As we enter election year, and the third film in the Purge trilogy, the annual purge is now a well established part of American life – so much so, that so called ‘murder tourists’ are even travelling to the US from overseas to take part in all the fun – and it’s all down to the New Founding Fathers.
But, the country is waking up to the Purge, what it’s doing to society’s most in need, and how the people in power are the ones benefiting from the violence.
The third film in the Purge trilogy occurs in election year, and sees Senator Charlie Roan (played by Lost‘s Elizabeth Mitchell) in the middle of her attempt to become President. She is the voice of reason, pledging to rid America of the Purge when she rises to power and save the country’s soul – all motivated by the trauma of watching her whole family die during Purge night eighteen years ago. This ruffles the feathers of the New Founding Fathers and the film follows her trying to survive the night, as well as those that help her along the way.
One of those people is her head of security Leo (Frank Grillo) who we first met in the previous instalment, The Purge: Anarchy, where he helped other Purge victims whilst going through his own journey to avenge the death of his son. Having not gone through with his crime, he instead now backs the Senator’s vision of ridding America of the Purge and giving her protection to enable her to do so.
Other stories come into play too – there’s Joe and Marcos, the two shopkeepers defending their business against murderous teenagers, their badass friend Laney that roams the streets delivering first aid during Purge night, and Dante Bishop, the leader of the underground revolution against the Purge.
The best thing about this Purge movie is that it feels bigger than the other two – it’s tackling how the Purge affects society on a much larger scale, and we see it’s impact on the country as a whole rather than just an individual story. The plot is good, because the Senator is at the heart of it – you can feel that there is more at stake, that she’s to be protected and that she can make a difference, and that’s the first time we’ve actually seen a glimmer of that in the Purge.
Some are calling it the best film of the three, and it does feel like we’re finally really starting to explore the concept. It certainly outdoes the second movie, but comparing it to the first Purge feels like apples and oranges (or crossbows and chainsaws, if you want to stay on topic). The original film works as it’s own movie because it’s the world of the Purge, but on a much smaller, more claustrophobic scale – whereas Election Year is something else entirely.
The pace of the story really works and is outlined effectively; we understand the Senator’s story and the setup to Purge night without it being dragged out, and we get to the Purge action nice and quickly (which it kind of feels like you’re waiting for).
Elizabeth Mitchell and Frank Grillo give the best performances here – Grillo is good at continuing his role as a surly antihero who suspects everyone, and we think Mitchell is strong at conveying both horror at the violence, but the drive to make a change.
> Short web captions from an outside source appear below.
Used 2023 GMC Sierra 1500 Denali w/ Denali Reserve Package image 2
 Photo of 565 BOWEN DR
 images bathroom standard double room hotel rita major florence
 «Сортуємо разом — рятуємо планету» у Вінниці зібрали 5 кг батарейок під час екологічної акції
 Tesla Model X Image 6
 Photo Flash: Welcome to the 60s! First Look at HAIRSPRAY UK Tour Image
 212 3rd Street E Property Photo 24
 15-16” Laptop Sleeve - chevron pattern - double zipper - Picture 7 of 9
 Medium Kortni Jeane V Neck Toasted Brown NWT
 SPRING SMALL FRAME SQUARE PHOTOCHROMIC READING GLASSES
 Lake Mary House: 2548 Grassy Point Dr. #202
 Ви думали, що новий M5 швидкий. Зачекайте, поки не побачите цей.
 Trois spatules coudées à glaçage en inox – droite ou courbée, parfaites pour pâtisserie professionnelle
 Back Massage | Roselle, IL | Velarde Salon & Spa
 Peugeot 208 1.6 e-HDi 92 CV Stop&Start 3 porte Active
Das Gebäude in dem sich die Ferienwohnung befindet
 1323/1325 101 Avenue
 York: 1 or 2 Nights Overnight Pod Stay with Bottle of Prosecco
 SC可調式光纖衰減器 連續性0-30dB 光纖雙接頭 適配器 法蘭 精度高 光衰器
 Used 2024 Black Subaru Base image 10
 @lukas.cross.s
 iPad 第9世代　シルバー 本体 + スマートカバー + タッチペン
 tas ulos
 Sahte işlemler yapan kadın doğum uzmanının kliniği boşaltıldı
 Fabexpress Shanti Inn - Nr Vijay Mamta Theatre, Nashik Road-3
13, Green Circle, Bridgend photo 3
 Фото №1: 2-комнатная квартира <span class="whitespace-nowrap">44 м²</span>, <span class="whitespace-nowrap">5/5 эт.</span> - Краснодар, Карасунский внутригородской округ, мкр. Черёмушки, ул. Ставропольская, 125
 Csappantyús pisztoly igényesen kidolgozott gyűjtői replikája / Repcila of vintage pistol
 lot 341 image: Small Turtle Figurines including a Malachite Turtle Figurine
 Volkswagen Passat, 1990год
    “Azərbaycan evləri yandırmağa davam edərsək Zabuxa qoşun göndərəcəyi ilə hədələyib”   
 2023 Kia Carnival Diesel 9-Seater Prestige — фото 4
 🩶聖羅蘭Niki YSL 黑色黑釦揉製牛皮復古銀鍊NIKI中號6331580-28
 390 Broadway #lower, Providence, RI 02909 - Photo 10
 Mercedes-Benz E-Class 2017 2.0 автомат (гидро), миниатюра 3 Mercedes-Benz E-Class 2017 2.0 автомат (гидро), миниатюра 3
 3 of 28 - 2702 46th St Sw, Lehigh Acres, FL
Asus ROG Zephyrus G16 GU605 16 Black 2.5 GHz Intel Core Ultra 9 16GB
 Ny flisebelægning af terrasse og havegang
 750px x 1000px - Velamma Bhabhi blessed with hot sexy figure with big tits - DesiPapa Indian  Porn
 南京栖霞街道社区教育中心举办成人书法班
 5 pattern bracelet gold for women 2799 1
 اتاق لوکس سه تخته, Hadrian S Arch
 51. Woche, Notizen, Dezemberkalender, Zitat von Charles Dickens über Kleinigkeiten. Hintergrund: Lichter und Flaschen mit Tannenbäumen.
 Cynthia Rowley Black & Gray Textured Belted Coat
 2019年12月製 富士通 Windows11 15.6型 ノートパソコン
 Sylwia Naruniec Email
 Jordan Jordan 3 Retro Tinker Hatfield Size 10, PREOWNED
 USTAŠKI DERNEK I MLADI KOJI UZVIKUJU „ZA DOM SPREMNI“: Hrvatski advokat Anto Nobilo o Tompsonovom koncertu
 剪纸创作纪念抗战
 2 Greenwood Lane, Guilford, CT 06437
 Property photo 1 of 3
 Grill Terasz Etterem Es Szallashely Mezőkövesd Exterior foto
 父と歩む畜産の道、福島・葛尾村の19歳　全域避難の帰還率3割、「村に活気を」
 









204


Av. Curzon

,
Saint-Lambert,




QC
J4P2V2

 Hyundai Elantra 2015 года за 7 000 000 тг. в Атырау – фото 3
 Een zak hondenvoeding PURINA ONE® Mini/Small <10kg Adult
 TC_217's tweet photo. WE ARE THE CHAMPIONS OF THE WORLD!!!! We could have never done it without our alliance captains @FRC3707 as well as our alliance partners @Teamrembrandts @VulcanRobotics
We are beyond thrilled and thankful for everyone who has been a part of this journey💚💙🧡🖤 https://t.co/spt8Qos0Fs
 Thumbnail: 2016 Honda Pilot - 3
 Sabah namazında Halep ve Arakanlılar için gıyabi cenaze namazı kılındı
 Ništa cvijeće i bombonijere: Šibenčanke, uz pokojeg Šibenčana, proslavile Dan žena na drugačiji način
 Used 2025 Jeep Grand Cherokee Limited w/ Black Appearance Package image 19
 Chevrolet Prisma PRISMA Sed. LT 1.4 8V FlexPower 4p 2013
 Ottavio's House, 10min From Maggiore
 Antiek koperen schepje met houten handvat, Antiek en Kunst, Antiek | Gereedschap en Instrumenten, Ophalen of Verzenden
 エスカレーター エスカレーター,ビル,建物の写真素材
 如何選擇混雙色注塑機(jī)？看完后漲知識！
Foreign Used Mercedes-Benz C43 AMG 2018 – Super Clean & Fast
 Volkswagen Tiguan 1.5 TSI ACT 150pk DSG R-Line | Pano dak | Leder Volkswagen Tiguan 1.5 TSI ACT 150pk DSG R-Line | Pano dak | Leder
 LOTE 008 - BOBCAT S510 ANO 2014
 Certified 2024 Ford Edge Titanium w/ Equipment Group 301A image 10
However, we weren’t so keen on others, especially Joe. If we’re honest, he gets increasingly irritating as the film goes on, continues to utter racial slurs that seem out of place, and detracts from the better parts of the story.
Dialogue is what really lets the film down; it’s seriously clumsy and cheesy in parts, especially between the characters from the deli. It feels really quite laboured, but smart writing isn’t what you’re watching The Purge for.
What you do watch The Purge for, however, is the 12 hours of anarchy that occur every year on Purge night, and it certainly delivers on that – though it’s definitely a sideline to what’s happening with the Senator and the bigger picture overall. Though no bad thing, this is a significant difference to the other 2 movies, where seeing new ways that people ‘purge and purify’ made up the majority of the thrills.
We’re big fans of the whole Purge concept – it’s unique, it’s interesting and it tackles real world issues – and so we thoroughly enjoyed this film. Groundbreaking cinema it is not, but an entertaining watch it certainly is, and there’s a twisted cartoonish aesthetic to the trilogy that makes it stand out from the crowd.
The third Purge gets 3* from us. It’s better than average, not quite excellent, but worth seeing if you’re a fan of the franchise.